Erdogan suggests Turkey could accept Finland into NATO — without Sweden
Turkish President Tayyip Erdogan arrives for a NATO summit in Madrid, Spain June 29, 2022.
Nacho Doce | Reuters
Turkish President Recep Tayyip Erdogan handed another blow to Sweden’s NATO bid, suggesting that his government could approve Finland’s NATO membership application without its Nordic neighbor.
Finland and Sweden both formally applied to join the 73-year-old defense alliance in May of last year, reversing their long-held policy of nonalignment in the wake of Russia’s full-scale invasion of Ukraine. The two have vowed to take their steps forward in tandem.
Erdogan, angry at Sweden’s government for a number of reasons, is poised to make or break both countries’ NATO accession plans, as each state’s application requires unanimous approval from all 30 current members. Hungary is the only country besides Turkey that is yet to approve the Nordic countries’ bids, which the rest of the member states want to fast-track.
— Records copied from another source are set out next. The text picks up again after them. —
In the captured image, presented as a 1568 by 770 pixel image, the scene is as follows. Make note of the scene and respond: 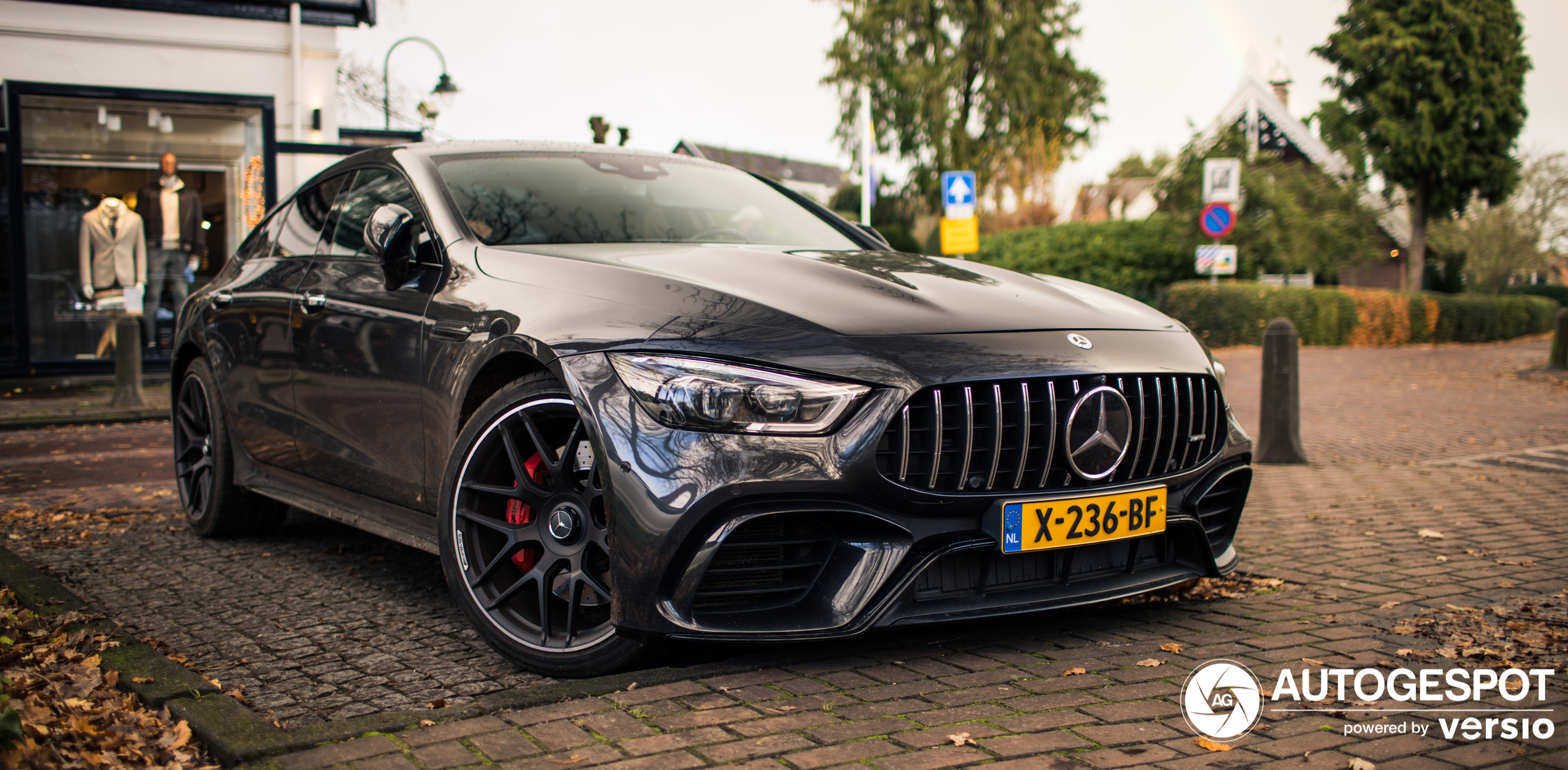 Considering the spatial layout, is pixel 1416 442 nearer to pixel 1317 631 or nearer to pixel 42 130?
pixel 1317 631

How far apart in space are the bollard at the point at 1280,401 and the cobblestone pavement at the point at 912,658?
1810 millimetres

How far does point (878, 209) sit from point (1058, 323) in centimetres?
4534

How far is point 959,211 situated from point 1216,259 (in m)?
8.02

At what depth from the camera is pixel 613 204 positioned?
430cm

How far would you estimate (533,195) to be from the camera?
4207 mm

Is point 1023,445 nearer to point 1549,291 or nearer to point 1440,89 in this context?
point 1440,89

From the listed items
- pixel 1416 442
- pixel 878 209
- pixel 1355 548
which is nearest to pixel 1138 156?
pixel 878 209

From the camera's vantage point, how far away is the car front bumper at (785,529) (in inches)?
114

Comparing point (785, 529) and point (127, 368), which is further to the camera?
point (127, 368)

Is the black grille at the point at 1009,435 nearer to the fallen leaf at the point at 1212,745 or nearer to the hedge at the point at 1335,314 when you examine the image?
the fallen leaf at the point at 1212,745

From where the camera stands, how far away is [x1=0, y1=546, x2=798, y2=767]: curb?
270 centimetres

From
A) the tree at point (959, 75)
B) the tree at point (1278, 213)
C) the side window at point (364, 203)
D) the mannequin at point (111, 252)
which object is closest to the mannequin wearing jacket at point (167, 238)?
the mannequin at point (111, 252)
“We may deliver Finland a different message [on their application], and Sweden would be shocked when they see our message. But Finland should not make the same mistake Sweden did,” Erdogan said during a speech on Sunday.
The comments come days after Erdogan threatened Sweden’s NATO membership over a Quran burning led by right-wing extremists that took place in front of the Turkish embassy in Stockholm, something Swedish authorities condemned but said was legal under the country’s free speech laws.
“Those who allow such blasphemy in front of our embassy can no longer expect our support for their NATO membership,” Erdogan said on Jan. 23.
Sweden’s Foreign Minister Ann Linde and Finland’s Foreign Minister Pekka Haavisto attend a news conference with NATO Secretary General Jens Stoltenberg, after signing their countries’ accession protocols at the alliance’s headquarters in Brussels, Belgium July 5, 2022.
Yves Herman | Reuters
Turkey’s animosity toward Sweden centers mainly on Sweden’s support for Kurdish groups that Ankara considers to be terrorists or affiliated with militants, and on weapons embargoes that both Sweden and Finland, along with other EU countries, put on Turkey for its targeting of Kurdish militias in Syria.
Finland lifted its nearly three-year-long arms embargo on Turkey just last week as part of its effort to improve the two countries’ relations and bring itself one step closer to winning its NATO bid.
But the relationship between Stockholm and Ankara currently shows no signs of improving.
Things got so heated after the Quran burning episode in the Swedish capital and an anti-Erdogan protest by Kurdish activists there just days prior that Finland’s foreign minister called for a “time-out” in talks with Turkey over the Nordic states’ accession to NATO.
“A time-out is needed before we return to the three-way talks and see where we are when the dust has settled after the current situation, so no conclusions should be drawn yet … I think there will be a break for a couple of weeks,” Pekka Haavisto told Reuters in an interview published Jan. 24.
Sweden’s leadership has bluntly said it will not be able to meet all of Turkey’s demands. Meanwhile, Turkey has presented it with a deadline of sorts.
“Turkey both confirms that we have done what we said we would do, but they also say that they want things that we cannot or do not want to give them,” Swedish Prime Minister Ulf Kristersson said in early January. Nonetheless, he expressed confidence that Turkey would approve his country’s NATO bid.
Turkish presidential spokesperson Ibrahim Kalin recently said that Sweden has eight to 10 weeks to make the changes demanded by Ankara as Turkey’s Parliament could go into recess before the country’s crucial presidential election on May 14. Sweden says it needs six more months to make those changes.
Finland has not yet commented as to how the potential for its NATO accession without its neighbor and close ally Sweden might affect its plans to join the alliance.